Blog

12
Feb

Airline Emissions Restraints May Be Relaxed in Europe

The European Union could suspend parts of a new law requiring airlines to account for their greenhouse gas emissions if countries were to make clear progress this year toward establishing a global emissions control system, a senior official said Tuesday.

The comments, by Jos Delbeke, the director general for climate action at the European Commission, came the day after China announced that its carriers would be forbidden to pay any charges under the European emissions system without Beijing’s permission.

The comments were the clearest sign yet that Europeans were considering how to defuse a mounting conflict over the new emissions law with its most important trading partners.

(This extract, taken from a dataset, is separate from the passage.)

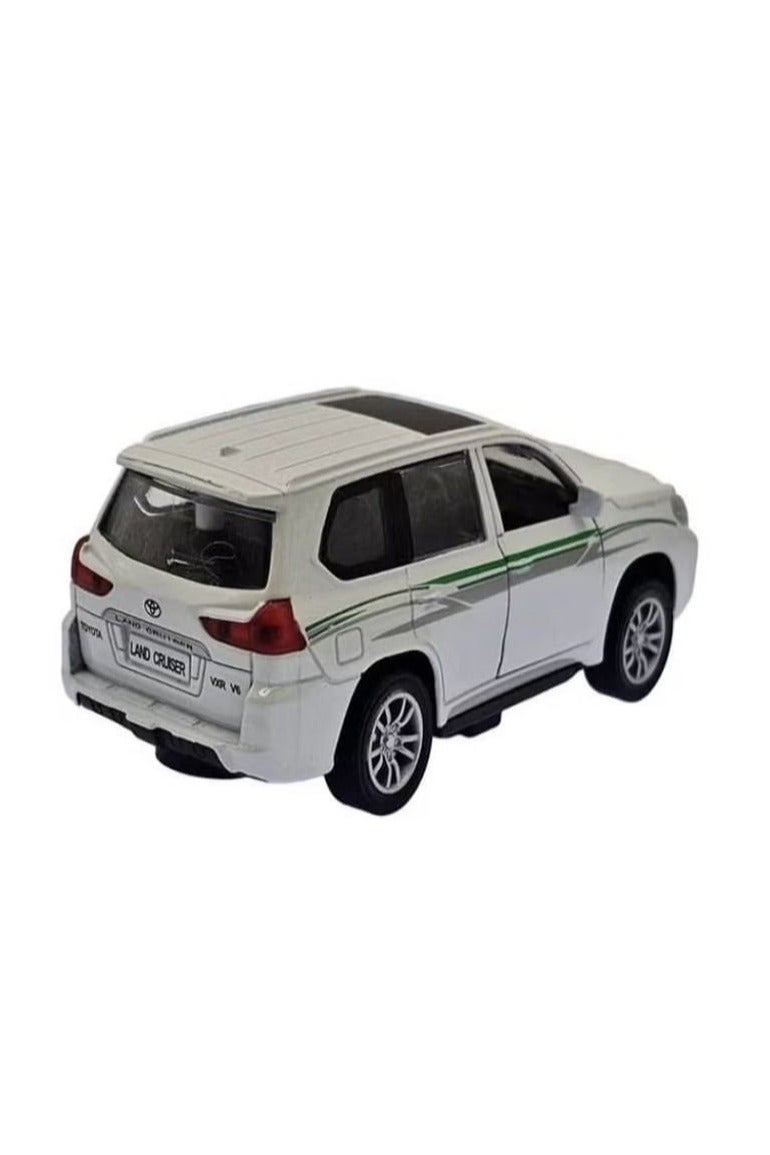 1/46 Scale Diecast Toyota Prado SUV Model with Lights and Sound - Diecast Metal Model Car - Opening Front Doors - Approximate Size 12.7cm (Unboxed - White) - Image 4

The law, which went into effect Jan. 1, requires airlines to account for all emissions on flights using European airports. Its goal is to speed up the adoption of greener technologies at a time when air traffic, which represents about 3 percent of global carbon dioxide emissions, is growing much faster than gains in efficiency.

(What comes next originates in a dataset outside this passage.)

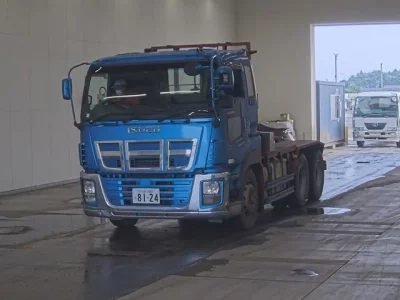 Isuzu GIGA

But Europe’s bold climate initiative also could push nations heavily reliant on air travel into a trade war because of the effect of the new law on flights outside of European airspace.

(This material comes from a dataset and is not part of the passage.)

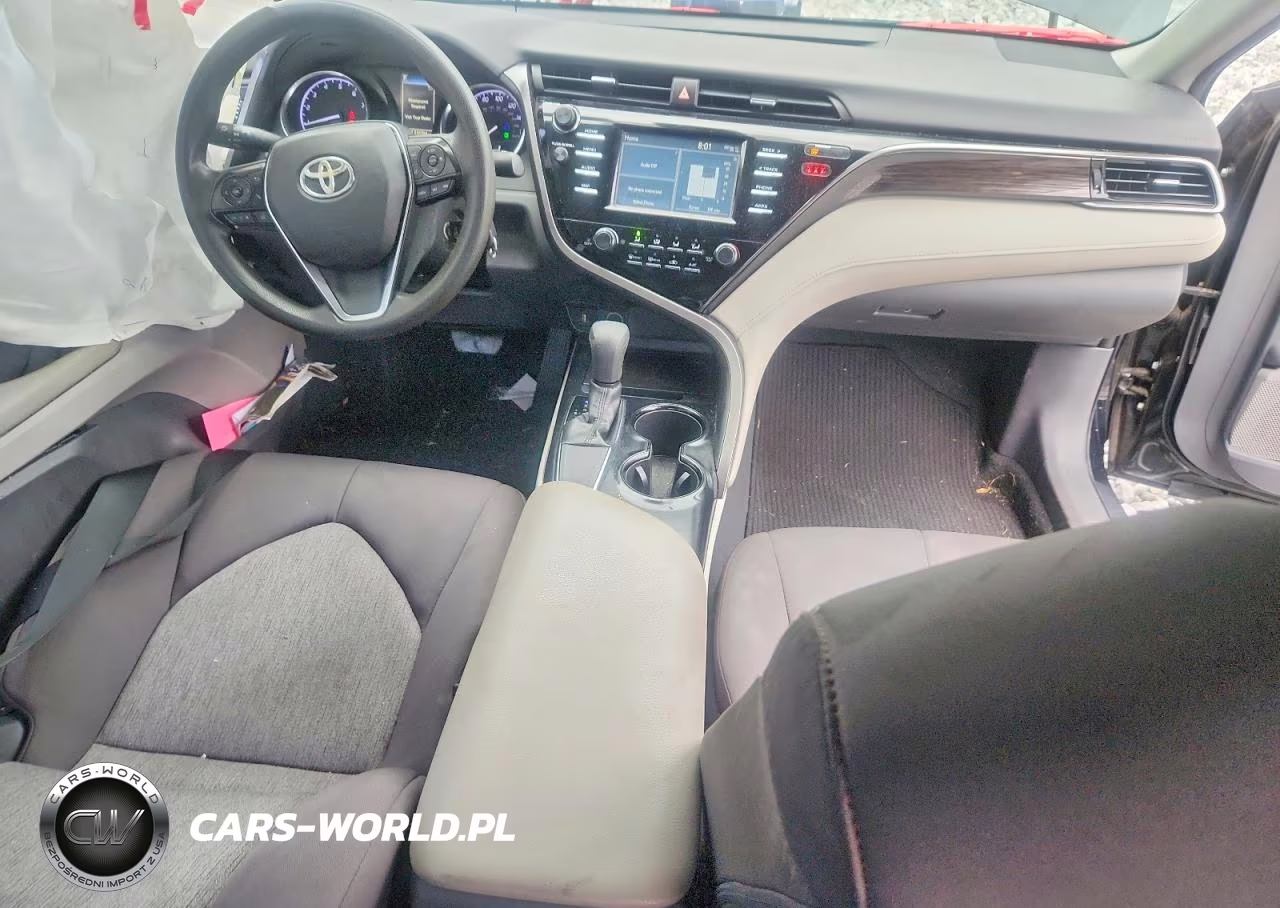 2019 Toyota Camry Le VIN:4T1B11HK8KU755616 - 8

Mr. Delbeke said at a conference in Brussels that he could recommend “a conditional suspension” of parts of the system, in which polluters can buy and sell a limited quantity of permits, each representing a ton of carbon dioxide, by the end of the year if nations sped up adoption of an effective global system.

For that to happen, any global system would have be better for climate protection than simply applying the European system that is already in force, Mr. Delbeke said. A global system also would have to treat all airlines similarly and to set emissions reduction targets for a near-term date like 2020 rather than midcentury.

Meeting under the auspices of the International Civil Aviation Organization, an arm of the United Nations, countries should be able to show convincing signs of progress “immediately after the summer” to make it possible to suspend parts of the European system before the first payments are due, on April 30, 2013, Mr. Delbeke said.

“It can be done,” he said, expressing the view that the organization could make sufficient progress over the next six months.

In the past, the European Commission, the union’s executive body, has been critical of the United Nations civil aviation group for failing to establish standards and goals for greenhouse gases from aviation, as mandated under the Kyoto climate treaty 15 years ago.

Peter Liese, a German member of the European Parliament, said discussions had already taken place within the environment committee over how to adapt the new law in the event that other nations, perhaps through the civil aviation group, put “something convincing on the table.”

Even so, Mr. Delbeke also sought to put the other nations on guard against punishing European airlines or companies if progress toward a global deal were not sufficient this year.